*WHAT YOU SHOULD DO:* Within this material, how many lines have the string "Botox" in them? The answer is a number, with nothing added.

*STUDY MATERIAL:*
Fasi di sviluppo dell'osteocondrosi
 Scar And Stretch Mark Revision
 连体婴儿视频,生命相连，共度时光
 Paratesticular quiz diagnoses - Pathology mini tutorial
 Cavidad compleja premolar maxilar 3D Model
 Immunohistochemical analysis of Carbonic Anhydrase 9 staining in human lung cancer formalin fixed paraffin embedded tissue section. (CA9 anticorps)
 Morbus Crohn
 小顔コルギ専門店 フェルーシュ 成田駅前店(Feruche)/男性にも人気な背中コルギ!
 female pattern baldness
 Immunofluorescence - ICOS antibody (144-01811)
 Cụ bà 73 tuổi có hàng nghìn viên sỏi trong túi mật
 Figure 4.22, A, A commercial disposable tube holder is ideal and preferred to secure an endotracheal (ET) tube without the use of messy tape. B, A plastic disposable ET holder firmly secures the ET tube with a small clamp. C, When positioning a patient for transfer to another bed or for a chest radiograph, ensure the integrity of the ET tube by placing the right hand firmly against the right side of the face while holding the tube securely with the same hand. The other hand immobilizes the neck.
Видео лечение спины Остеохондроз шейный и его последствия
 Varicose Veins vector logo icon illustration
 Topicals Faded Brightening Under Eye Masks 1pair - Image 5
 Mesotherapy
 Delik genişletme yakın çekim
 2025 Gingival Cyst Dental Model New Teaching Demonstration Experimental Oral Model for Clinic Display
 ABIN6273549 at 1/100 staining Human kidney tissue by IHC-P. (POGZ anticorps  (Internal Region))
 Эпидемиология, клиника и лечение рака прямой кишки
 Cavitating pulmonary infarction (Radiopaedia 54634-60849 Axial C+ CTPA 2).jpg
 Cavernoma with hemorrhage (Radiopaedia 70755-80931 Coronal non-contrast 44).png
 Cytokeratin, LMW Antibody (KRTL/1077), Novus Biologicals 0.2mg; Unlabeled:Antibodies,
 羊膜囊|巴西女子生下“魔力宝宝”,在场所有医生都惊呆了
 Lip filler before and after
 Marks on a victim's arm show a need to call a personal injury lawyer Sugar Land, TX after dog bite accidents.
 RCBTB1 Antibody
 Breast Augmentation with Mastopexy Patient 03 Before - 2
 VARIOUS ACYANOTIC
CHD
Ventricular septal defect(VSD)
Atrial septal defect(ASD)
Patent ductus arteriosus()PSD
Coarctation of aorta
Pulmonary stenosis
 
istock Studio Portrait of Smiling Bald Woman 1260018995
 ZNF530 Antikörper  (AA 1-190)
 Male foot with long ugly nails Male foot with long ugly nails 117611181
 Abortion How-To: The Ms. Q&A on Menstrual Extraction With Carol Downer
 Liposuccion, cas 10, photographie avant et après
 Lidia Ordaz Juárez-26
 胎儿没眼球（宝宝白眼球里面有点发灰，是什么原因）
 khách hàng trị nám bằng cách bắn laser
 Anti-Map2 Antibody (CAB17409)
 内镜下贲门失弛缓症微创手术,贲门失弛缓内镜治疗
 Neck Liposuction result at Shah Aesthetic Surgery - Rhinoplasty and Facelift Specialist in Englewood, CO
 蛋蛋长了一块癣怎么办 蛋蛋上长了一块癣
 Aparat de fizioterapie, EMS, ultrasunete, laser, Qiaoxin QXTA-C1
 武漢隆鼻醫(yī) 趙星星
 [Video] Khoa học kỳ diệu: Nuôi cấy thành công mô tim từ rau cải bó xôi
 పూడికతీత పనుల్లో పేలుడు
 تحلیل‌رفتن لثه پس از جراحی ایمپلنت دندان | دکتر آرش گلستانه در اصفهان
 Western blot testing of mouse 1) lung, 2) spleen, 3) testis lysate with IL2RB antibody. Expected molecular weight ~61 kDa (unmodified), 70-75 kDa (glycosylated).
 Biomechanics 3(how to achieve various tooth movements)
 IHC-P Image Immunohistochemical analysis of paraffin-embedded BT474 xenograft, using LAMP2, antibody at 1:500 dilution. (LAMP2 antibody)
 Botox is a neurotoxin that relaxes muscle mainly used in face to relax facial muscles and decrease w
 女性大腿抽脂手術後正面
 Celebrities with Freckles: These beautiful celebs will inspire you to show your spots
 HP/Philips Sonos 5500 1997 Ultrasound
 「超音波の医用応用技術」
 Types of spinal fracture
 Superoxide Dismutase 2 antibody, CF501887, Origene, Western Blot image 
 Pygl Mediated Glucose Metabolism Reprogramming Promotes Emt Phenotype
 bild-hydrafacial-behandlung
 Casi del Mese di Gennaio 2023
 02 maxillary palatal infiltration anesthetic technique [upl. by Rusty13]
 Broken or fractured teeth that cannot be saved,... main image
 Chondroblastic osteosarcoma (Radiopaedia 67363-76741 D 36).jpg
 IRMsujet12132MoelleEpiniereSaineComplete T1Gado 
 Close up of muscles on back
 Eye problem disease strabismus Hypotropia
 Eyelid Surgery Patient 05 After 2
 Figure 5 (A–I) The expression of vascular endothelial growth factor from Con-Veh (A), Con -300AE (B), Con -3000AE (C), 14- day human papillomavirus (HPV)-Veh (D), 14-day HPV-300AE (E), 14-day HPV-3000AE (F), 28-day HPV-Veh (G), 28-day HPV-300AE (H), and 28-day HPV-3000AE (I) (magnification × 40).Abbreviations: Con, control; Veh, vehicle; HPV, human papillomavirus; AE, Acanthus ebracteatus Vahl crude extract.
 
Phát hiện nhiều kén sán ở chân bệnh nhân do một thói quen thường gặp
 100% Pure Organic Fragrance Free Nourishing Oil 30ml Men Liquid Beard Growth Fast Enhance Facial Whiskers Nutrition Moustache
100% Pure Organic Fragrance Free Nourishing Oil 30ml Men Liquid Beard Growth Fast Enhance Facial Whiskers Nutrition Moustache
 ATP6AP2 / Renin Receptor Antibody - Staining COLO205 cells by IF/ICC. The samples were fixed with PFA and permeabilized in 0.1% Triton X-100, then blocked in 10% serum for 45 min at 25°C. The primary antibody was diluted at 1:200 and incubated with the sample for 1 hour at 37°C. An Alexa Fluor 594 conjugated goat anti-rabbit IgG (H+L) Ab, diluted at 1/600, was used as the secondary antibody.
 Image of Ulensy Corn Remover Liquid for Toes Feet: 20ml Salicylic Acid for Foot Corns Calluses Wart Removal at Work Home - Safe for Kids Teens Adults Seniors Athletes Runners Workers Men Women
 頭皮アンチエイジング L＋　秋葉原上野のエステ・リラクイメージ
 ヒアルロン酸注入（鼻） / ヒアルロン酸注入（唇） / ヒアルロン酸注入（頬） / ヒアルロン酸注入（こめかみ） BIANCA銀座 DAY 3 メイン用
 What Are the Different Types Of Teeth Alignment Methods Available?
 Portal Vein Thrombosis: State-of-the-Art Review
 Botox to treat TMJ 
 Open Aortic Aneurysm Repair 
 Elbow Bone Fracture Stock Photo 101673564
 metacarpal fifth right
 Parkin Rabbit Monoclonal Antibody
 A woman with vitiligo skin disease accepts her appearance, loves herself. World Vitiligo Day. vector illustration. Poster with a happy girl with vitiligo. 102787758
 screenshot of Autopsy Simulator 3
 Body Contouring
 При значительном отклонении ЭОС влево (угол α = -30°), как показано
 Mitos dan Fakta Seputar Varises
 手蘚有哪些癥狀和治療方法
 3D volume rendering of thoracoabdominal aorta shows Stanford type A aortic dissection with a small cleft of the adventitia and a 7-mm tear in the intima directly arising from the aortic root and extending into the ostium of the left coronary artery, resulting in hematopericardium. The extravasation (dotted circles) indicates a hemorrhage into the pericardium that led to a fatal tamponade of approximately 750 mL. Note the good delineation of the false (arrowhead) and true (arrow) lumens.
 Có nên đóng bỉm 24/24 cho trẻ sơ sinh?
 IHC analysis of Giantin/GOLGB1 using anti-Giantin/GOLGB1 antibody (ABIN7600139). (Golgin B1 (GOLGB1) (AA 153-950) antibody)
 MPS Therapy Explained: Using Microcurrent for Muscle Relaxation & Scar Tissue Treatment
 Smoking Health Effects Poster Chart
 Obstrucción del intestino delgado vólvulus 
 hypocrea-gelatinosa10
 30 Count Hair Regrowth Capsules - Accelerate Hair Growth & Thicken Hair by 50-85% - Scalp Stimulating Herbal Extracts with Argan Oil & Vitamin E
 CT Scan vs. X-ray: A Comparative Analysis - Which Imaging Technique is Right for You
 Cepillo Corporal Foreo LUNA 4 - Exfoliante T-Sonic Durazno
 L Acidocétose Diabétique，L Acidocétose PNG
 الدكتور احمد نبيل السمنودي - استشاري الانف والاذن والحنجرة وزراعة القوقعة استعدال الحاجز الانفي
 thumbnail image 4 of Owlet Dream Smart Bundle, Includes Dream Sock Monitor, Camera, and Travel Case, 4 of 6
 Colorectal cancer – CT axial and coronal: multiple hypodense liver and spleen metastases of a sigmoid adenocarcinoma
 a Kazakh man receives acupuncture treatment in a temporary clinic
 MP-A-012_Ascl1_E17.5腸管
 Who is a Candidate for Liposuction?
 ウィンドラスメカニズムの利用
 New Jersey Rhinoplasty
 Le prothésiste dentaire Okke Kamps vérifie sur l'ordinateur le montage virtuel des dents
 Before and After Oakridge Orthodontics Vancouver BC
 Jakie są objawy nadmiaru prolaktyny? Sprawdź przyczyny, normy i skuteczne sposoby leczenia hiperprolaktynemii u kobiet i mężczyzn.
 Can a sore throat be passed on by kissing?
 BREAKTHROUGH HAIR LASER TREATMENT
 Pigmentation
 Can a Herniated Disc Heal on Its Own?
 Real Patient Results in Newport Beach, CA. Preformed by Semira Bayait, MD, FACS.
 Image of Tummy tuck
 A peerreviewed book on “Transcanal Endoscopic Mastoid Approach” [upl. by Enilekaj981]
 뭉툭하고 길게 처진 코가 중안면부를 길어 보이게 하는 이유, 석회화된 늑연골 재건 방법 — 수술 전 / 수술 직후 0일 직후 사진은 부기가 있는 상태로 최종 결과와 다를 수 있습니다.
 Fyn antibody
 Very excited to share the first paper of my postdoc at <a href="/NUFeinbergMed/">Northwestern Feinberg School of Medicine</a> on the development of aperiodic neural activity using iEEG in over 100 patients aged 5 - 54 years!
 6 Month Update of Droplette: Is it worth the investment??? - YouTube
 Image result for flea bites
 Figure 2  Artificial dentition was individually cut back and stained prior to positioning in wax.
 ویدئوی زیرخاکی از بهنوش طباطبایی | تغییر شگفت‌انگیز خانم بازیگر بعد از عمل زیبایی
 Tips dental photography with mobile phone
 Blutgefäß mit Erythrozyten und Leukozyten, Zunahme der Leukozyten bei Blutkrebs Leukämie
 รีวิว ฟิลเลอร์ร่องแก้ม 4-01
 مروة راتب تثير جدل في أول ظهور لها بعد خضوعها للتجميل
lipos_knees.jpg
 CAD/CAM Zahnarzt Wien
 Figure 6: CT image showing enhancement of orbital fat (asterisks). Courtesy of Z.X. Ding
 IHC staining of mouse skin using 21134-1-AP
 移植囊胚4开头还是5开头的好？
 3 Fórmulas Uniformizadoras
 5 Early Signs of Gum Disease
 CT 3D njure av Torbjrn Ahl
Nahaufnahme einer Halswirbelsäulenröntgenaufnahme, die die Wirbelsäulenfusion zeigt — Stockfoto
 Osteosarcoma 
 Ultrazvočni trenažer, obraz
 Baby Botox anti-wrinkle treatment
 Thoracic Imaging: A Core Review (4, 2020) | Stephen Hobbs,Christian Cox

*WORKED SOLUTION:* 3